According to the $1.1 billion deal, Russia will deliver 11 Su-35 fighters to Indonesia, and the ambassador said that Jakarta has not walked away from the agreement.
The Bloomberg news agency, citing sources in the Trump administration, said this past March that the threat of US sanctions had forced Indonesia to abandon the deal. Despite these claims, the ambassador said that the deal was still in force.
On Purchase of More Russian Mi-17 Helicopters
The Indonesian Ministry of Defence is currently weighing up the possibility of purchasing additional Russian-made Mi-17 military helicopters, the country’s ambassador in Moscow stated.

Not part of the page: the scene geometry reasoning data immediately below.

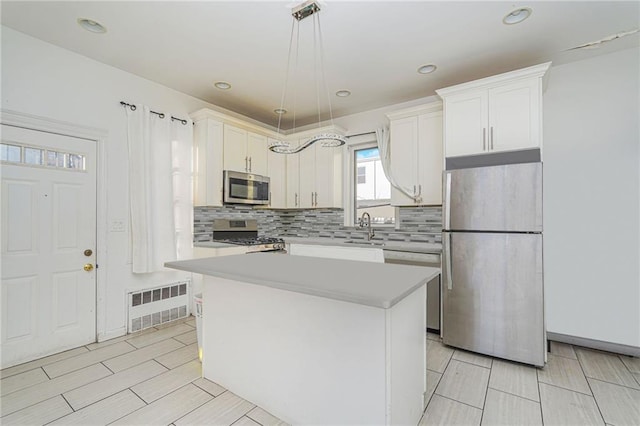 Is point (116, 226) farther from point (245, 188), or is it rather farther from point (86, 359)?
point (245, 188)

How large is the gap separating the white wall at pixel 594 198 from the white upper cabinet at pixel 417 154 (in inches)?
40.5

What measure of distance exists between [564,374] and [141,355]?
353 centimetres

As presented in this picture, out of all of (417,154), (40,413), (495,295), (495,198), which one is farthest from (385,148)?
(40,413)

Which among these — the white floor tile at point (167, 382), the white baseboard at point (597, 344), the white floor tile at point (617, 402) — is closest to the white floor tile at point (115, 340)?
the white floor tile at point (167, 382)

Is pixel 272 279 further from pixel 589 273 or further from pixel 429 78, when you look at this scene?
pixel 589 273

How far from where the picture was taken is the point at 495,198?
2527 millimetres

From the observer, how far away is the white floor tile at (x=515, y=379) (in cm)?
206

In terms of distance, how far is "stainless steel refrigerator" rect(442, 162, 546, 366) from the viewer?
7.87ft

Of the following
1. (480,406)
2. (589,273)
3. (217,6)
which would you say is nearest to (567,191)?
(589,273)

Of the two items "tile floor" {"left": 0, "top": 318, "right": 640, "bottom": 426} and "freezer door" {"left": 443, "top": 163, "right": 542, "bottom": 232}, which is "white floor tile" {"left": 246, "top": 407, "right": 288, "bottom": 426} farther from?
"freezer door" {"left": 443, "top": 163, "right": 542, "bottom": 232}

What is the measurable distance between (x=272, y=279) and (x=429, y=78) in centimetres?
285

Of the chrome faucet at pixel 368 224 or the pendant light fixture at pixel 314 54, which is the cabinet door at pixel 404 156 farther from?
the pendant light fixture at pixel 314 54

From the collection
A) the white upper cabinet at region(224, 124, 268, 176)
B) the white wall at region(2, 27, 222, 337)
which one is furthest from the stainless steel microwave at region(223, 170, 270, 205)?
the white wall at region(2, 27, 222, 337)

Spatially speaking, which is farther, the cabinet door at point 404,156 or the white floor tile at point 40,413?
the cabinet door at point 404,156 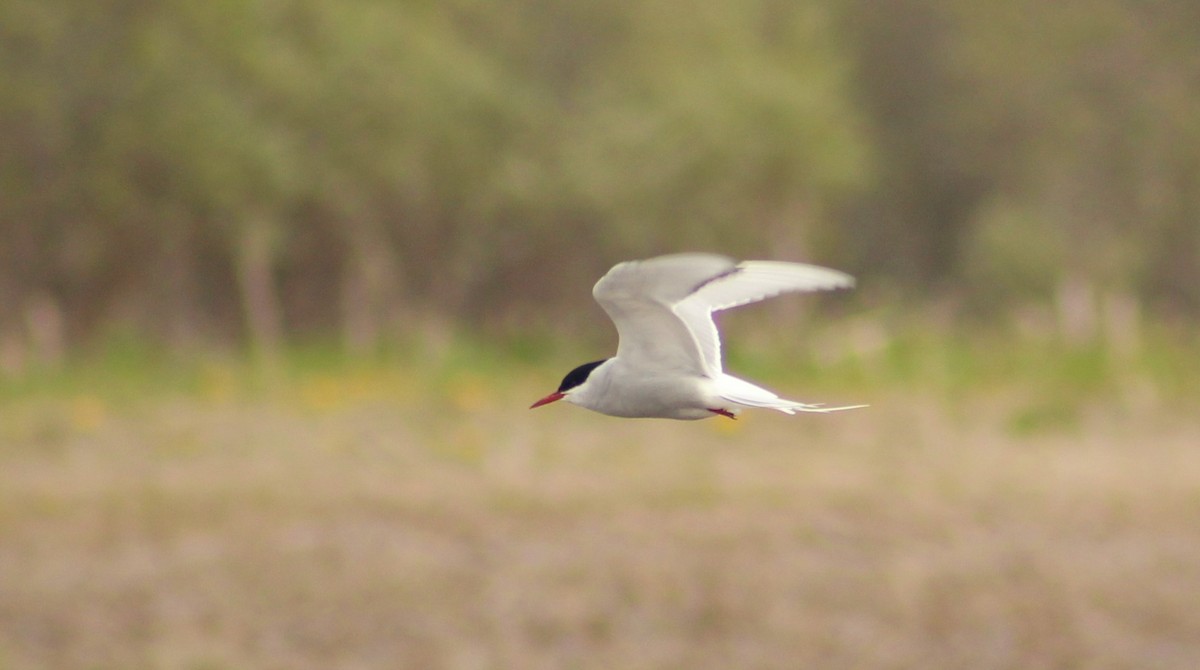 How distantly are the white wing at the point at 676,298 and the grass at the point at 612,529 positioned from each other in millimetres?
7322

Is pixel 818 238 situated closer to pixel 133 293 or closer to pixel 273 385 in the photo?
pixel 133 293

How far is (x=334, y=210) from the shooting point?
2327cm

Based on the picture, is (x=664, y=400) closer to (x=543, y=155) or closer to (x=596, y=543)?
(x=596, y=543)

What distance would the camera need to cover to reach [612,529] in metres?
12.0

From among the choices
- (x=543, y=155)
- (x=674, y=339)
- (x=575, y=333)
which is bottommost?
(x=674, y=339)

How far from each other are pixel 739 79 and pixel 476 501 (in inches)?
595

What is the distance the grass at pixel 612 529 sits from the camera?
33.9 ft

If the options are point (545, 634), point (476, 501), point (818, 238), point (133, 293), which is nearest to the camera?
point (545, 634)

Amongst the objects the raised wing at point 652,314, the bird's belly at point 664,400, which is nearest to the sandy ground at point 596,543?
the raised wing at point 652,314

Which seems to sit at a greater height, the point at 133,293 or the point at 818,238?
the point at 818,238

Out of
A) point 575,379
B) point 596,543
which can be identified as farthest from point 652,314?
point 596,543

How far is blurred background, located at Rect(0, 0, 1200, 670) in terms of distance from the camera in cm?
1073

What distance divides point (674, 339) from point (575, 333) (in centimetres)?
1985

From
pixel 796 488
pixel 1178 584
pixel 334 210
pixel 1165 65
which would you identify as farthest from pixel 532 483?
pixel 1165 65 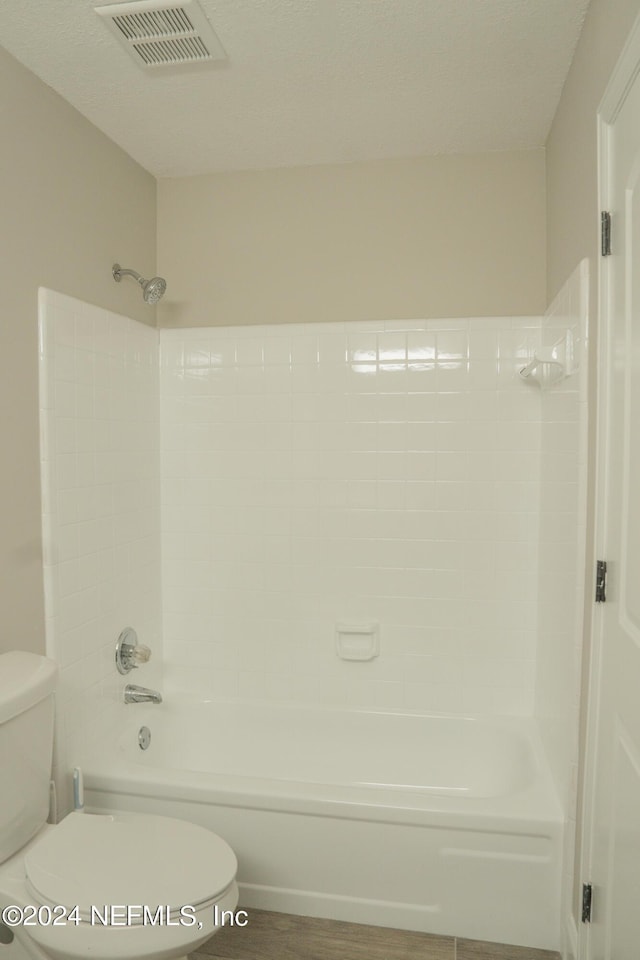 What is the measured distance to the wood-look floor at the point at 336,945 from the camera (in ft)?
6.15

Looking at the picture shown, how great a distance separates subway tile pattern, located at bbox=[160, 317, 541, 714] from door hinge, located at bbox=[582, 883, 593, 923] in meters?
0.90

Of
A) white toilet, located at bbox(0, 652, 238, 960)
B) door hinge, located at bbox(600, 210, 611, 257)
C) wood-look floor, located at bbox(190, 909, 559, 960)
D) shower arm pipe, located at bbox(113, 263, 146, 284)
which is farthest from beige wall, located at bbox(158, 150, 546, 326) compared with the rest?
wood-look floor, located at bbox(190, 909, 559, 960)

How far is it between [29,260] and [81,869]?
1622 mm

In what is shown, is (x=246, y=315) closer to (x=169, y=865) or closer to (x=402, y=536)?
(x=402, y=536)

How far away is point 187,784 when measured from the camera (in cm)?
203

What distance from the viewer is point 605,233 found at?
1518 mm

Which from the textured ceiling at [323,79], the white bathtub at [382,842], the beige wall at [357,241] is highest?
the textured ceiling at [323,79]

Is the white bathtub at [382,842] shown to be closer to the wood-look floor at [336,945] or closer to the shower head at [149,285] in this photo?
the wood-look floor at [336,945]

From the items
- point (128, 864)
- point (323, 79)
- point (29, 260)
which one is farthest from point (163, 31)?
point (128, 864)

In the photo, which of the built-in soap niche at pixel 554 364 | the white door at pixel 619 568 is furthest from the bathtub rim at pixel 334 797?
the built-in soap niche at pixel 554 364

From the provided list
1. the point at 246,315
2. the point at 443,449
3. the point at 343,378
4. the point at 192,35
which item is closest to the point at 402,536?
the point at 443,449

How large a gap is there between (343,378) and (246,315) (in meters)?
0.48

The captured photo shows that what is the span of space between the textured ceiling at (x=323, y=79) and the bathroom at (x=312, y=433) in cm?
9

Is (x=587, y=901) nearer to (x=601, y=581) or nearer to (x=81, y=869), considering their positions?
(x=601, y=581) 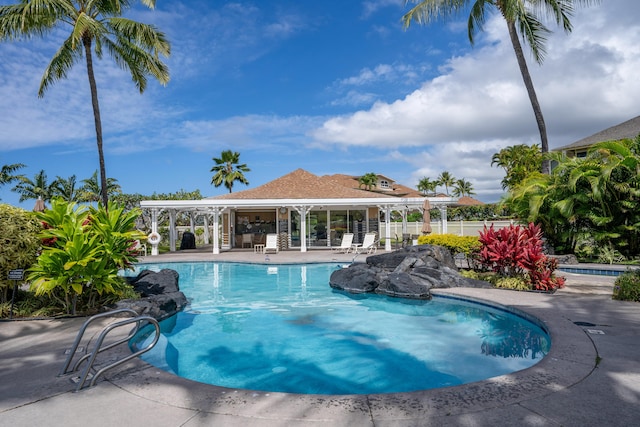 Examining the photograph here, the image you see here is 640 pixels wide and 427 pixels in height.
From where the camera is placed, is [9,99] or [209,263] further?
[209,263]

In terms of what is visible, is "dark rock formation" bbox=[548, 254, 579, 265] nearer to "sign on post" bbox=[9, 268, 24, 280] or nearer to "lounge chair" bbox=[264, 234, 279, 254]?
"lounge chair" bbox=[264, 234, 279, 254]

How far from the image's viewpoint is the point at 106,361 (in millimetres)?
4129

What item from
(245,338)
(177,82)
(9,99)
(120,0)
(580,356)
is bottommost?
(245,338)

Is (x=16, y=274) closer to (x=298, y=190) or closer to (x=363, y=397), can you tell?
(x=363, y=397)

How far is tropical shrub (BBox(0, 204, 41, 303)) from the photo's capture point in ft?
21.3

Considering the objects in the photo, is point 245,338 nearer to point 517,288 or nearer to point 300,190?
point 517,288

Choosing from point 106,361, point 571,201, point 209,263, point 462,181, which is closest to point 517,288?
point 571,201

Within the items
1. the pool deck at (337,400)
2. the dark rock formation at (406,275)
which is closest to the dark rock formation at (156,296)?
the pool deck at (337,400)

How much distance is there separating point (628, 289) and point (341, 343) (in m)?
5.94

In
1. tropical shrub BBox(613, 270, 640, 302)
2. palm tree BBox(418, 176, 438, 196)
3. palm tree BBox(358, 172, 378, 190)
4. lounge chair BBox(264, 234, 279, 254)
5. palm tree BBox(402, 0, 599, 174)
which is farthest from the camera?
palm tree BBox(418, 176, 438, 196)

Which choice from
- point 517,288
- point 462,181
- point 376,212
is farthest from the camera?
point 462,181

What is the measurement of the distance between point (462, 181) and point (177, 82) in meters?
60.8

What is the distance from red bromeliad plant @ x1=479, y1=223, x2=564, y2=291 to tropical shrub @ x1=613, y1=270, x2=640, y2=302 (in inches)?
50.5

"The Indonesian armed forces also utilize 12 Russian Mi-17B5 and 5 Mi-35 helicopters. A proposal for the further purchase of Mi-17B5 helicopters is currently in process at the Indonesian Ministry of Defence," the ambassador said.

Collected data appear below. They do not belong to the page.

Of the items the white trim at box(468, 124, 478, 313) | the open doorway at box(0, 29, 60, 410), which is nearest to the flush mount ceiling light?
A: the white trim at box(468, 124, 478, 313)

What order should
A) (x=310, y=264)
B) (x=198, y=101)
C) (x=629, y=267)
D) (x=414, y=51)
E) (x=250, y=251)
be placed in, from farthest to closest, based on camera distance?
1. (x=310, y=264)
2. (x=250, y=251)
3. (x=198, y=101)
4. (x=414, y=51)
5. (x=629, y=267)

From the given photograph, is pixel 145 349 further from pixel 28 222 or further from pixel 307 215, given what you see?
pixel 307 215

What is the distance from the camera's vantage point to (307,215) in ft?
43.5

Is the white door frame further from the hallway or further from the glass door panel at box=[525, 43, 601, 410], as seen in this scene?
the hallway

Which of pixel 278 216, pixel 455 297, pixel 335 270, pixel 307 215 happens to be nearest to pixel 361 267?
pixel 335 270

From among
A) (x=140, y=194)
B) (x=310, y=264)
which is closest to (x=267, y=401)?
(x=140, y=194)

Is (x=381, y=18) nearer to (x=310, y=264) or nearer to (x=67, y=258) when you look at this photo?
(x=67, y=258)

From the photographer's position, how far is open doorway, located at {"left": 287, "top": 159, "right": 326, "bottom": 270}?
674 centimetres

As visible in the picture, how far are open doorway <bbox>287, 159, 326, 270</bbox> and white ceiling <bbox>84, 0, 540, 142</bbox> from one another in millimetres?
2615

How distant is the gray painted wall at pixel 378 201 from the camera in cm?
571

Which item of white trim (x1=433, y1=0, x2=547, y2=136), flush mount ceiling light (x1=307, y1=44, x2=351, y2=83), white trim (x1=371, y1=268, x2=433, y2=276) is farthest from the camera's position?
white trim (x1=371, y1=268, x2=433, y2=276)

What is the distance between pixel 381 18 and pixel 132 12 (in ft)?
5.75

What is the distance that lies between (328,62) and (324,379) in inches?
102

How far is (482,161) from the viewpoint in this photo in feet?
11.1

Both Jakarta and Moscow are also working to fulfil a 2019 deal for the delivery of Russian-made tanks to Indonesia, Supriyadi said.

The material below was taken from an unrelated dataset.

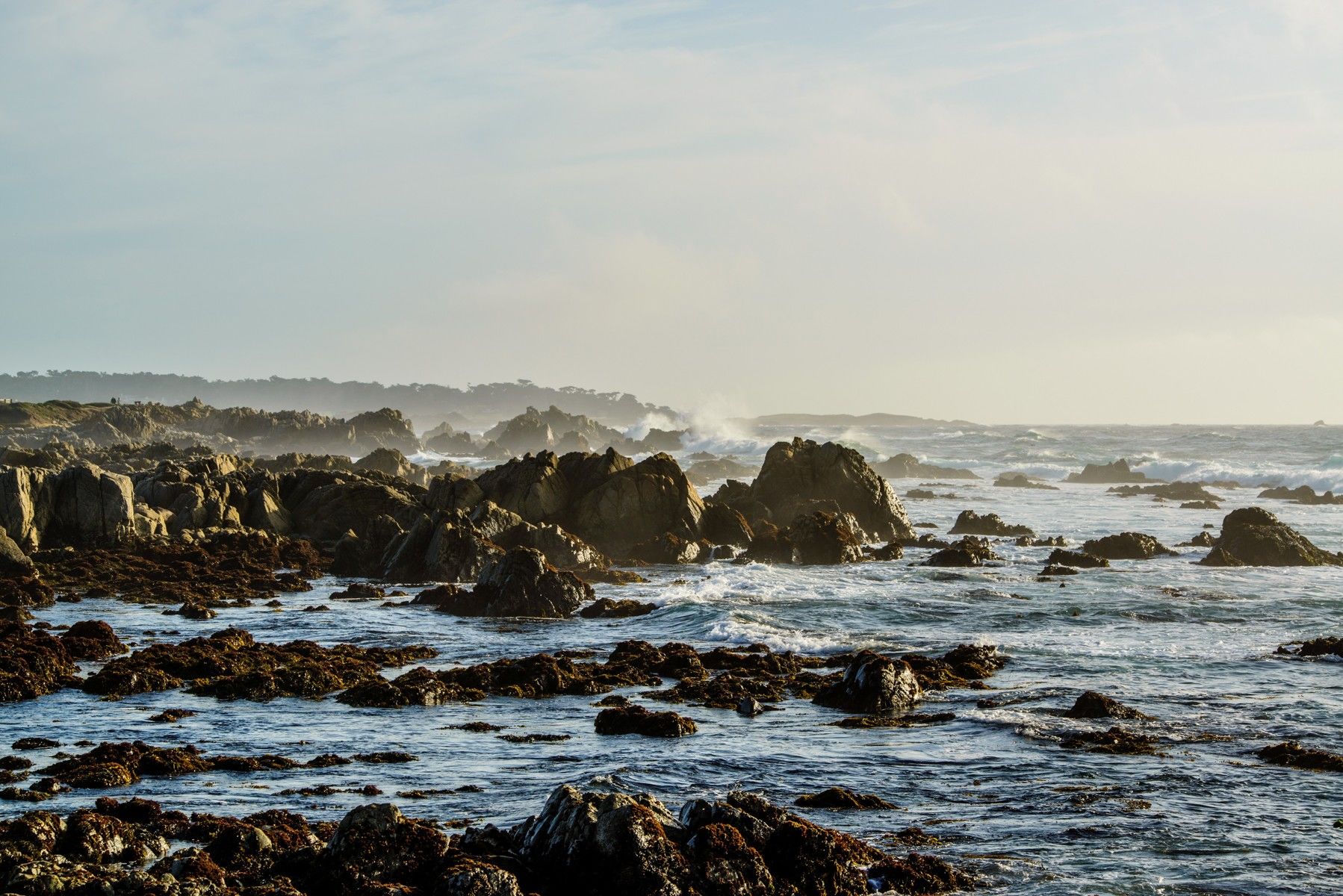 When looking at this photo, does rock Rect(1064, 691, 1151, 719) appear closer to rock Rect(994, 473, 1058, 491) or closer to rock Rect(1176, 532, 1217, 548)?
rock Rect(1176, 532, 1217, 548)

"In 2019, a contract was concluded for 43 BMP-3F and BT-3F tanks. The value of the contract is $175 million. The process of implementing the contract is ongoing," the ambassador commented.
Indonesian Minister of Defence Prabowo Subianto visited Moscow for the rescheduled Victory Parade, which was held on June 24, to commemorate the triumph over Nazi Germany in World War II.
During his visit, Subianto held talks with Russian Deputy Minister of Defense Col. Gen. Alexander Fomin, with both parties discussing the potential for Indonesian troops to receive training in Russia, the ambassador said.
"The minister of defence made it very clear when he met with the [Russian] deputy defence minister on June 23, just one day before the parade, that he supports sending military personnel for training and education in Russia," the ambassador said.
In February, Supriyadi said that proposals were ongoing for Indonesian senior military personnel to travel to Russia for training before the end of the year, although these plans have since been disrupted by the coronavirus disease pandemic.
On First Indonesian Nuclear Plant
A detailed proposal produced by the Russian state nuclear corporation Rosatom for the construction of Indonesia’s first nuclear power plant is currently being examined by officials in Jakarta, the Indonesian ambassador to Russia, Mohamad Wahid Supriyadi, told Sputnik in an interview.
"Rosatom already drafted a proposal in detail about the establishment of the first nuclear power plant in Indonesia. And we sent it already … because it will be dealt with by different ministries in Indonesia," the ambassador said.
The Indonesian province of West Kalimantan, on the island of Borneo, has been proposed as the potential site for the nuclear power plant, the ambassador added.
"There is at least one province, West Kalimantan, which is ready to host the first plant. The governor already mentioned that they are ready to have the first [nuclear power] plant in Indonesia," Supriyadi remarked.
At this stage, discussions between Rosatom and officials in Jakarta are still ongoing, despite the disruption caused by the coronavirus disease pandemic, the ambassador added.
"There are some handicaps due to the coronavirus, so any personal meetings are not possible until the pandemic ends. But the process is continuing," Supriyadi stated.